Earw0rm an hour ago | parent | next [-]

Yes, if such places are plentiful. It's a messy situation where revealed preference (house prices in walkable areas, Amsterdam and Paris increasingly full of rich young Americans) vs immediate consumer choice (more cars! More convenience! Oops, now we need to flatten downtown for an elevated freeway...) tend to give conflicting answers.

mynameisbilly 7 hours ago | parent | prev | next [-]

We shouldn't have to completely upend our lives to move to the small handful of major cities that provide the infrastructure to exist comfortably without a car. At least in the US, your options are limited to NYC, Chicago, Boston, and maybe a few others (Seattle/SF). And even then, the hard set default in these major cities is car ownership EXCEPT for NYC.

iamnothere 6 hours ago | parent [-]

How is Bumfuck MT, population 250, going to support the infrastructure to live comfortably without a car?

omegabravo 6 hours ago | parent [-]

as someone who lives there, they're not. Nor is that what is being suggested, it's critiquing car-centric cities where not having a car is needlessly difficult. Population 250 isn't going to ban cars, but the city may discourage driving and provide ample facilities for those who don't have a car.

iamnothere 6 hours ago | parent [-]

Well I do agree that city living should not require a car, although cars should be an option for those who need them. I just don’t think it’s realistic to expect rural areas to discourage car use. Not everyone in rural communities has a car, but for many they are essential.

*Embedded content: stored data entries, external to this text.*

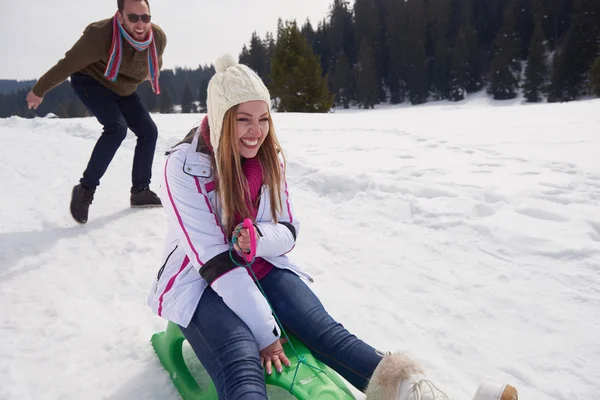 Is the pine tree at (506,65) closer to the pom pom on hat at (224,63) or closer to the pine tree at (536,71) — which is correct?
the pine tree at (536,71)

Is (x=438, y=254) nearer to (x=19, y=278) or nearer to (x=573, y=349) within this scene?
(x=573, y=349)

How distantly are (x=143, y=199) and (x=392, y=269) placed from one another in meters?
2.52

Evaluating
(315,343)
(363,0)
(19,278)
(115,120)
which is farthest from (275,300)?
(363,0)

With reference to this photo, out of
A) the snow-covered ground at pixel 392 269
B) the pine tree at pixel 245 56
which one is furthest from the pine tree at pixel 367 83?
the snow-covered ground at pixel 392 269

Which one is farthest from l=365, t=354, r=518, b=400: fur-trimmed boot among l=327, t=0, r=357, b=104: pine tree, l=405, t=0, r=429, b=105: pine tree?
l=327, t=0, r=357, b=104: pine tree

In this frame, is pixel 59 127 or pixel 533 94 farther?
pixel 533 94

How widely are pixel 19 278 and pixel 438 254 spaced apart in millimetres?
2856

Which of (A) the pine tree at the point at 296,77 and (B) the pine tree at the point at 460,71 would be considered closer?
(A) the pine tree at the point at 296,77

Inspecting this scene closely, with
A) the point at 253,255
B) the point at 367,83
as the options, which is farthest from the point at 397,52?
the point at 253,255

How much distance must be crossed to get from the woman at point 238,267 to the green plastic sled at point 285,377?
0.04 m

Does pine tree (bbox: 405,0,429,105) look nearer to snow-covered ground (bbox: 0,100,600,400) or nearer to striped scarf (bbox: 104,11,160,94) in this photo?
snow-covered ground (bbox: 0,100,600,400)

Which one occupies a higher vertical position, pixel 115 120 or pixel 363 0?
pixel 363 0

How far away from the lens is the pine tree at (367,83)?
45.7m

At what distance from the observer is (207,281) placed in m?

sofixa 7 hours ago | parent | prev [-]

> re people then not able to choose to live somewhere

No, because no such somewhere has been built in the country in question (US) in the past ~60 years, because the default is car-centric. So you're left with a few uber dense, old, predating automobiles, places. Which are extremely expensive, because they simply do not have the capacity for everyone who wants to live in them.

ghaff 5 hours ago | parent [-]

There are plenty of city centers that aren't super-expensive but probably don't have a lot of great local employment options and maybe aren't generally considered desirable--and don't have a lot of great transportation options to outlying areas though that's generally true of a lot of major Tier 1 cities as well. You prioritize your choices.

recursive 6 hours ago | parent | prev [-]

In much the same way, the proliferation of suburban big-box sprawl denies others the freedom to have a walk-able neighborhood.